Understanding how and why a search at Google might offer alternative queries may be helpful when you are conducting keyword research.
Knowing a little about some of the strategies behind query refinement may enhance your research. Some refinement may take place in middle of the page query refinements, but it is possible that some may be merged into search results directly.
A patent application from last week defined a process that Google may use for offering mid-page refinements. I wrote about it in Google’s Query Rank, and Query Revisions on Search Result Pages.
That patent referred to three other patent applications that hadn’t been published yet, and stated that it takes precedence over those. Those patent applications were published this week, and while the newer patent application built upon, and possibly replaced those, there are aspects of them that are interesting, and may be helpful in understanding some of the strategies that Google uses to come up with alternative queries for some searches.
The three new patent filings are:
- Integration of multiple query revision models
- Empirical validation of suggested alternative queries
- Estimating confidence for query revision models
Some strategies about query revision from the patent applications:
1) Removing quotes in the original query, if present.
Using quotes around a search term should result an exact match, with documents that contain the entire query string.
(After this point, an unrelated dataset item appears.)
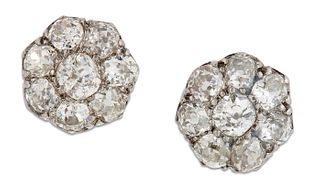 A PAIR OF DIAMOND CLUSTER EARRINGS, eight old-cut diamonds in claw settings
By removing the quotes, the number of possible results is expanded, and allows the search engine to retrieve documents that may be relevant to terms in the search, regardless of whether or not they are in the exact order entered by the searcher.
2) Adding quotes around the whole query.
The opposite of the previous strategy, in some cases, the query might receive more relevant results if it is treated as an entire phrase.
3) Adding quotes around query n-grams
A number of successive terms (n-grams) within the query may be actual phrases, though the whole query may contain more than one phrase. Here are some ways that an n-gram within the query might be identified:
Ways to identify n-grams:
- Looking at a hand-built dictionary of common phrases.
- Reviewing a list of phrases built from frequency data, where they occur in a statistically significant frequency.
- Identification of common first names and last names, obtained possibly from places like census data, or other sources.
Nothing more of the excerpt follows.